Jan Appel (pseudonyms: Max Hempel, Jan Arndt, Jan Voß; 22 August 1890 – 4 May 1985) was a German revolutionary who participated in the German Revolution of 1918. He became a prominent Left Communist activist and theorist.

==Early life==
Appel was born in 1890 in Mecklenburg, Germany. His father was an active socialist and from 1908 he was an active member of the Social Democratic Party of Germany. Although he trained as a shipbuilder, he joined the army in 1911 and served until 1913. Then he saw active service in the First World War. He was demobilised in 1917 and sent to work in the Vulcan Werft Hamburg shipyard.
In January 1918 he participated in the strike wave which involved over 400,000 workers across Germany demanding immediate peace without annexation or indemnity, better food, and end to military discipline in the factories and the release of political prisoners.

==The German Revolution==
Jan Appel was involved in the German Revolution of November 1918:
"When, in November 1918 the sailors revolted and the workers of the shipyards in Kiel downed tools, we learned at the Vulkan military shipyard from the workers what had happened. There followed a secret meeting at the shipyards; the factory was under military occupation, work ceased, but the workers remained in assembly in the enterprise. A delegation of 17 volunteers was sent to the union headquarters, to insist on the declaration of a general strike. We insisted on holding an assembly, but it turned out that the known leaders of the ADGB and the SPD and of the unions adopted a negative an attitude towards the strike. There were hours of harsh discussions. During this time, at the Blohm & Voss shipyard, where 17,000 workers were employed, a spontaneous revolt broke out. And so, all the workers poured out of the factories, at the Vulkan shipyard too (where Appel worked) and set off towards the union house. It was at this moment that the leaders disappeared. The revolution had begun".
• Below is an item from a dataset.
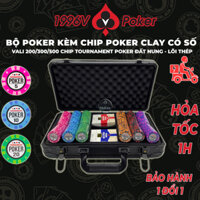 Bộ poker kèm chip poker có số cao cấp, phỉnh poker chips có số clay đất nung lõi thép Tournament Poker- 1996V Poker Shop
By this stage Appel was involved with Hamburg Far-left politics participating in the Spartacus League and then the Communist Party of Germany (KPD) alongside Fritz Wolffheim and Heinrich Laufenberg. He was elected chairperson of the newly formed Revolutionary Shop Stewards (Revolutionäre Obleute). In January 1919, following the murder of Rosa Luxemburg and Karl Liebknecht the Revolutionary Shop Stewards gathered outside the Trade union Central Headquarters in Hamburg. Here he met Ernst Thälmann, of the Independent Social Democratic Party of Germany (USPD), whereupon they participated in a night march on the Bahrenfeld Barracks. Taking the soldiers by surprise they seized the armoury and soon had 4,000 workers under arms.
"At that moment, we reached the conclusion that the unions were unusable for the revolutionary struggle, and that led, at an assembly of the revolutionary delegates to propaganda for the constitution of revolutionary factory organisations, as the basis for the councils. Departing from Hamburg, this propaganda for the formation of enterprise organisations spread, leading to the General Workers' Union of Germany Allgemeine Arbeiter Unionen Deutschland (AAUD)”

==Involvement in KPD and KAPD==
At this time Appel also became chairperson of the Hamburg District KPD, and was a delegate to the Second Congress of the KPD held in Heidelberg.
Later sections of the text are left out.